# Hyper Bearded Dragon



## Mijnthepigeon (Aug 3, 2015)

Hello, My bearded dragon is about 6-7 months old and she has started acting hyper. She is running about, jumping on everything and scraping at the glass as if trying to get out. I fear it might be because of the new substrate I'm using. I used to use newspaper but recently switched to wood shavings. I used this one as I recently gave her to a reptile minder and that's what she had in there and was fine. Should I get rid of the wood shavings? If so what should I get instead, I have asked so many people and they all have different answer Is there any other reason why my dragon is acting up? Help me please!!


----------



## Debbie1962 (Dec 5, 2008)

Wood shaving are no good as a substrate they are best used for rabbits etc. It will be too dusty for a reptile. Use childrens play sand instead. As for her beng hyper have you checked your temps to make sure it is not too warm in the viv?


----------



## Mijnthepigeon (Aug 3, 2015)

Thanks, I'll change to sand.

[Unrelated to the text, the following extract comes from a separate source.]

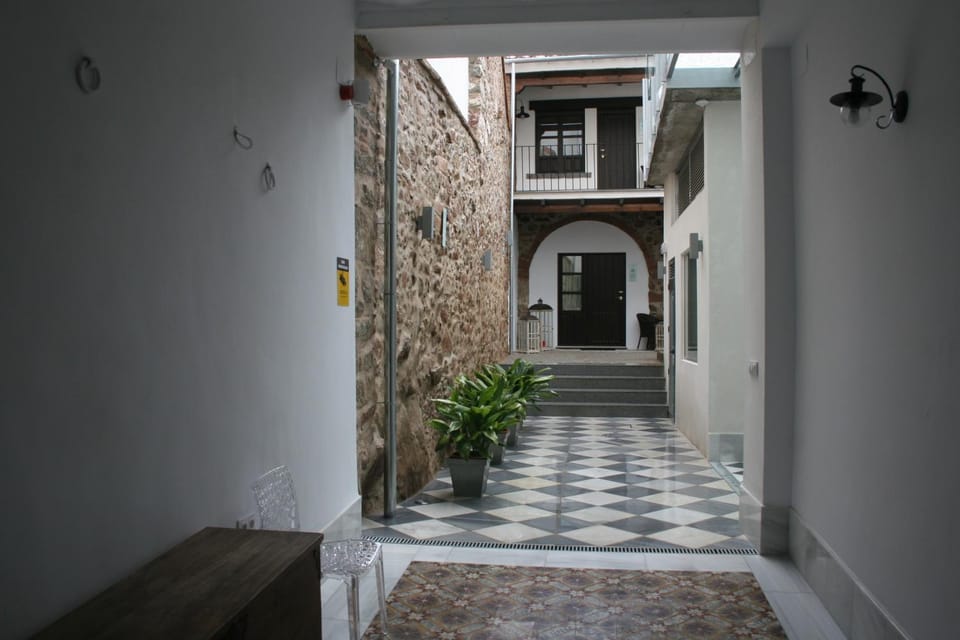 La Casa del Médico Hotel Boutique Hotel in Andalusia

I checked the temperatures in the viv and they are normal. I was reading around and would it be possible that she is going through puberty?


----------



## R3PTIL1AN (Jun 27, 2010)

Don't use wood shavings, the best substrate to use is unprinted news paper or butcher paper, even kitchen paper is good 

Wood shavings if ingested can cause your beardie to become compacted.


----------